L’arbitrage est une procédure, un vote par exemple, assez rapide qui donne un résultat sans qu’il y ait de mesure de l’engagement personnel de ceux qui y participent. Un arbitrage ne dit rien d’autre que son résultat, chacun dit oui ou non, pour ou contre, et on compte les points, alors qu’une décision a au contraire une histoire longue et singulière où les arguments et les émotions parcourent tout le chemin et où la nature des éléments qui y conduisent s’accordent mal aux étalonnages uniformes. Dans cette histoire, il y a des moments déterminants, heureux et malheureux, mais leur caractère déterminant est généralement peu accessible. Le cœur de la décision peut même consister en une absence ou rester partiellement invisible aux acteurs.

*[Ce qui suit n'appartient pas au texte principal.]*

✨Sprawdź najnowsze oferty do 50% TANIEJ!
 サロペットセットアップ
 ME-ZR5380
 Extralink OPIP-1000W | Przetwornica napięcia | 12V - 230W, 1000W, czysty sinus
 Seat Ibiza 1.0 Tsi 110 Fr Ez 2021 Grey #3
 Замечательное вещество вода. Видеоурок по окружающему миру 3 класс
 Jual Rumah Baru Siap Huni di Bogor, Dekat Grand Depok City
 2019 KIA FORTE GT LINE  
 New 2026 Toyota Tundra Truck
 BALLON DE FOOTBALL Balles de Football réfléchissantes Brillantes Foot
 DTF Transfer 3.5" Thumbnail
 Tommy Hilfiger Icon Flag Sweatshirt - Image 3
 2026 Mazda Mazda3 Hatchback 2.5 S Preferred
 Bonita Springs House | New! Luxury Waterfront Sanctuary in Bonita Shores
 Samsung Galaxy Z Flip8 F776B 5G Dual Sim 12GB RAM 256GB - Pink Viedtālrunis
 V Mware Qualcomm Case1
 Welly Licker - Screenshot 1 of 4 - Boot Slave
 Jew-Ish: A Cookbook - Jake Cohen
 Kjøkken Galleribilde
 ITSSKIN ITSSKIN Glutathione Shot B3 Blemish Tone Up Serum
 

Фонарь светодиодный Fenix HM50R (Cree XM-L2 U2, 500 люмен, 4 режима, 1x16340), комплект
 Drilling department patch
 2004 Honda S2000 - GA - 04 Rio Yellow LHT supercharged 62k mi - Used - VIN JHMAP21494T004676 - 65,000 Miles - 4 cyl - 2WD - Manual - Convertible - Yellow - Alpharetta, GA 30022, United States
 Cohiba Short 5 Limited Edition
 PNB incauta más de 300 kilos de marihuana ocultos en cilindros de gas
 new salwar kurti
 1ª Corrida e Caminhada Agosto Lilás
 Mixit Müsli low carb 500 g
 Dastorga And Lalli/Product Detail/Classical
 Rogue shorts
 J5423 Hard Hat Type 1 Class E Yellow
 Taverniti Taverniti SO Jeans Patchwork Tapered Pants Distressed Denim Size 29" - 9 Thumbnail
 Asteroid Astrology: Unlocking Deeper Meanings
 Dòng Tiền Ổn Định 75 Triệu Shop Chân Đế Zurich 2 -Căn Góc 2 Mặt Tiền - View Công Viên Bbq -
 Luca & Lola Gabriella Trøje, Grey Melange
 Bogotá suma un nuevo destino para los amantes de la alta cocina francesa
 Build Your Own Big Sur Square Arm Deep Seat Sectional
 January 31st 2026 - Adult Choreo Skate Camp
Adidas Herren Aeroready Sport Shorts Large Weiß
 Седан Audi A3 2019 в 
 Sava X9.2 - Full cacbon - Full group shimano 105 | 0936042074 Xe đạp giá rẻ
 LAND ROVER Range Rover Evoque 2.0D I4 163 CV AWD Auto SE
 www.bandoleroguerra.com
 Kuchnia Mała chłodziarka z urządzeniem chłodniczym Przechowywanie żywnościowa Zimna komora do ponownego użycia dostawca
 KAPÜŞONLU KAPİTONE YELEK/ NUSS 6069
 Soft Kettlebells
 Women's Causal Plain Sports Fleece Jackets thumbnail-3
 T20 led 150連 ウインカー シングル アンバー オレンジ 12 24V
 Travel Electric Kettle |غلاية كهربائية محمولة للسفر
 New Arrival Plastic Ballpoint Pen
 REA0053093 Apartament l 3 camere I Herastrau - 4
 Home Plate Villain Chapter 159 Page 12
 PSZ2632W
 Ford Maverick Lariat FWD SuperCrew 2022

L’émotionnel et l’histoire collective ont un impact majeur sur les arbitrages

On voit les arbitrages, tout au moins une partie d’entre eux. Les neurologues différencient la décision automatique et la décision délibérative (je reviens au langage usuel, les neurologues ne distinguent pas arbitrage et décision), comme si le cerveau négociait avec lui-même. C’est d’ailleurs ce qu’ont montré les scanners avec la mobilisation concurrente de plusieurs parties du cerveau. Bien entendu, s’agissant de politique, on pense immédiatement à la décision rationnelle, en forme d’équation, face à des enjeux complexes à analyser. L’individu a tendance à surévaluer sa rationalité parce qu’elle mobilise très ouvertement sa conscience alors que les émotions sont plus brutales et moins contrôlées. En groupe, la tendance individuelle peut être calmée ou au contraire exacerbée. Nous vivons dans un système politique de démocratie mise en scène, avec une césure majoritaire déterminante, souvent folklorisée. L’art de présenter le clivage joue un rôle central dans la dramaturgie formelle du choix politique qui se déroule dans la procédure automatique et routinière. L’équilibre du rapport de forces mis en scène n’a pas forcément beaucoup de rapport avec la singularité de la décision et de son chemin.

La décision automatique, c’est aussi simple que de s’arrêter au feu rouge, même si l’on est principalement absorbé par la discussion avec son passager : la majorité est pour le budget, l’opposition est contre ou au plus s’abstient. La procédure automatisée d’arbitrage, généralement le vote à main levée dans les assemblées locales, ne dit rien de la construction de la décision mais elle affiche un résultat visible. Maintenant, allez trouver les points stratégiques du budget ? discerner les questions clés dans les 53 points à l’ordre du jour du conseil communautaire ? c’est autre chose… Les membres des assemblées en sont incapables quand ils débutent et la plupart n’en seront capables que partiellement au terme du mandat électif. Seuls les experts des instances du pouvoir institutionnel peuvent décrypter aisément l’historique des décisions, et encore… Les neuro-scientifiques sont certains que la connaissance augmente le libre arbitre du décideur, ils ont montré qu’aucun individu ne sait identifier aisément le moment où il a pris une décision et que les signes physiques du choix sont perceptibles plusieurs secondes avant qu’ils n’atteignent la conscience de la personne qui s’engage sur une option.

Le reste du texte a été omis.